Artigo de opinião: Espelho negro – Francisco Melgareco

0
174


 

Tempo de leitura: 5 minutos

 

 

“Algumas pessoas sentem a chuva, outras apenas se molham.”

Há tanto tempo sem escrever, senti que nesse texto precisava me dirigir a você, que se sente como “minoria”, que se vê deslocado ou inferior. Saiba que você não está sozinho. E provavelmente você sente a chuva. Você sofre mais, sente mais, se magoa e se cobra. Por mais que pareça difícil, se sinta especial. Afinal, não vale à pena esvaziar-se para se adaptar a um mundo sem conteúdo.

A passos largos estamos desconstruindo a humanidade que nos resta. Em um mundo cada vez cheio de pessoas e vazio de “gente”, empatia entrou em extinção e o que já foi absurdo se torna comum e até mesmo bonito em alguns casos. Uma sociedade que rotula, julga, distorce, “lacra” e compete, por “likes”, por “status”, por “estar na moda”, que mais se frustra com o que não tem do que vive e aproveita o que tem.

Talvez nem os grandes gênios, pensadores e filósofos do passado tenham alguma explicação para o que vemos hoje. Não são eles, somos nós que temos que falar disso. Sim, alguém dessa geração, uma geração cada vez mais mesquinha e egoísta, mas, ainda que em raros casos, consciente. Antes que esta “consciência” que ainda resta vá embora, é preciso refletir sobre a quantidade de impulsos e estímulos do mundo atual que tornam essa geração doente, ansiosa e depressiva.

Mesmo que seja difícil, tente não sentir raiva. Somos todos nada mais que macacos evoluídos com um celular na mão. Todos temos uma necessidade primitiva e instintiva de pertencimento, de fazer parte de um grupo ou “tribo”, no fundo, precisamos de aprovação o tempo todo. Assim reagimos de formas diferentes uns dos outros, uns fazendo de tudo para agradar, parecerem maiores, melhores, superiores, “da moda”. Outros sofrendo por não se sentirem parte deste mundo.

Ainda assim, não há nada mais puro e bonito que manter a sua essência. Esses filósofos do passado que citei, provavelmente não seriam hoje as pessoas com mais seguidores, nem com maior número de curtidas nas redes sociais. Talvez eles nem sequer teriam perfis nelas, difícil, não temos como saber. O mais importante é que são essas pessoas, as que sentem a chuva, que fazem realmente com que esse planeta evolua, que muitas vezes guiam e orientam aquelas que simplesmente se molham.

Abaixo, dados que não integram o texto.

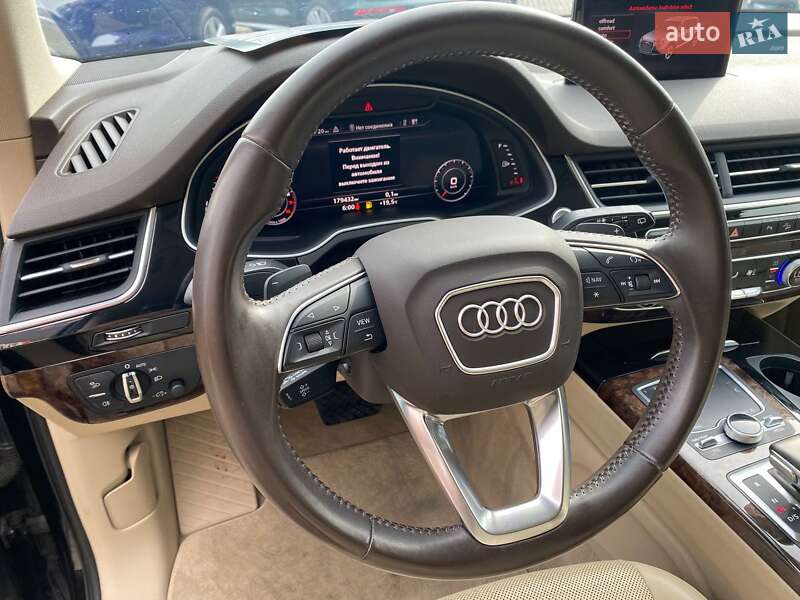 Внедорожник / Кроссовер Audi Q7 2016 в Львове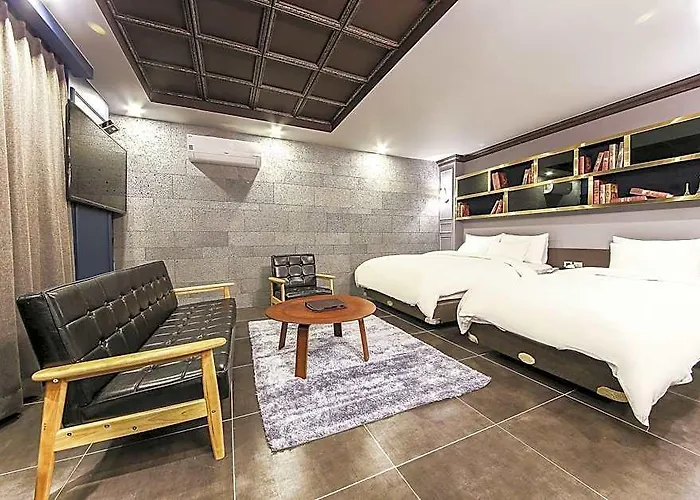 Kobos Hotel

Esse “tablete” que carregamos vinte e quatro horas por dia, é nosso espelho negro. Isso porque muitas vezes é ali que se reflete nosso lado sombrio, nosso lado escuro. É controverso, pois é ali que as vidas das pessoas parecem sempre mais coloridas e perfeitas. Mas nem tudo é o que parece. Acabamos vivendo mais em nossas cabeças do que no mundo real, comemos e não sentimos de verdade o gosto, não ouvimos uns aos outros, não damos atenção e não a temos das pessoas ao nosso redor, estamos aqui, mas nossa mente está sempre na “nuvem”, no modo digital e automático.

É óbvio que ficaríamos ansiosos. Que por mais difícil seja de aceitar, nos preocupamos com o que os outros pensam. Queremos pertencer, queremos aprovação. Porém, nunca se diminua por não se encaixar a tudo que vê. É de gente que sente a chuva que o mundo precisa. Você pode estar apenas passando por um momento ruim, mas saiba que por sentir mais a dor, ainda sentirá também, a mais intensa felicidade. Verás o amor de verdade em cada gesto, se tornará sempre mais forte a cada dificuldade superada.

A chuva foi feita para ser sentida. É só quando sentimos medo que a coragem poderá se fazer presente. Se você que está lendo, se sente assim, deslocado e triste, saiba que você é grande, que esse mundo é seu, que não há limites para o que pode conquistar. E acredite, sempre haverá alguém que se importa, alguém que te percebe e te entende. Assim também lembre que você pode ser, e certamente é, o pilar, a estrutura e a razão de viver de alguém. Aceite a chuva, e que depois dela sempre possa haver sol, um belo arco-íris, uma razão para não mais temer, um motivo a mais para viver.

Algumas pessoas apenas se molham, todos tem escolha. Escolha sempre sentir a chuva.